Приемы, которые Эйзенштейн усвоил в пародийном спектакле «Мудрец», будут потом работать в фильме «Стачка».
«Мудрец» был поставлен в 1923 году на сцене Рабочего театра Пролеткульта. По словам самого Эйзенштейна, спектакль был «революционной модернизацией Островского»[1].
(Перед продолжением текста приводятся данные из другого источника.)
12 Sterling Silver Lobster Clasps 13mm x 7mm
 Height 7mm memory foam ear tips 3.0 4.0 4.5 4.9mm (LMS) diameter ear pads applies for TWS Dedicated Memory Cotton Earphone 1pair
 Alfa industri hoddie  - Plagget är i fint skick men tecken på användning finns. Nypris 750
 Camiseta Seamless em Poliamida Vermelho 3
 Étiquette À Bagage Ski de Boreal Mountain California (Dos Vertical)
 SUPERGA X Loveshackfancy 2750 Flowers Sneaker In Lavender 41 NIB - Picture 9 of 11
Жанровая материя спектакля формируется в сфере пародии. Как только начинаешь об этом думать, отходит на второй план лежащая готовенькой на блюдечке предубеждения мысль об «искажении» Островского. Что и говорить, первая самостоятельная постановка Эйзенштейна, спектакль «Мудрец», относится к времени именно высокомерного пролеткультовского отношения к классике. Но сказать, что в «Мудреце» проявилась эстетическая программа Пролеткульта, значит, ничего не сказать. Там, где Пролеткульт остановился, Эйзенштейн сделал свой первый шаг. Какую цель преследовал Эйзенштейн, перелицевав в соавторстве с Сергеем Третьяковым пьесу Островского «На всякого мудреца довольно простоты» в пьесу «Мудрец»? Он ставил по ней агитационно-политический спектакль. При отсутствии современной драматургии актуализировали классику. Не скрытой переакцентировкой, не аллюзиями, а откровенно пародируя - так в пьесу вводятся политические деятели начала XX века: маршал Жоффр, главнокомандующий французской армией в Первую мировую войну, а потом один из организаторов военной интервенции против Советского Союза; Милюков - министр иностранных дел в буржуазном Временном правительстве, а потом один из главарей контрреволюции и организатор иностранной интервенции. Как заметил Эйзенштейн, произошла социальная перелицовка персонажей пьесы Островского: «они… не такие, какими они могли бы быть сегодня (Крутицкий - Жоффр, Мамаев - Милюков и т. д., вплоть до Голутвина, который бы сейчас был нэ-пачем)…»[1].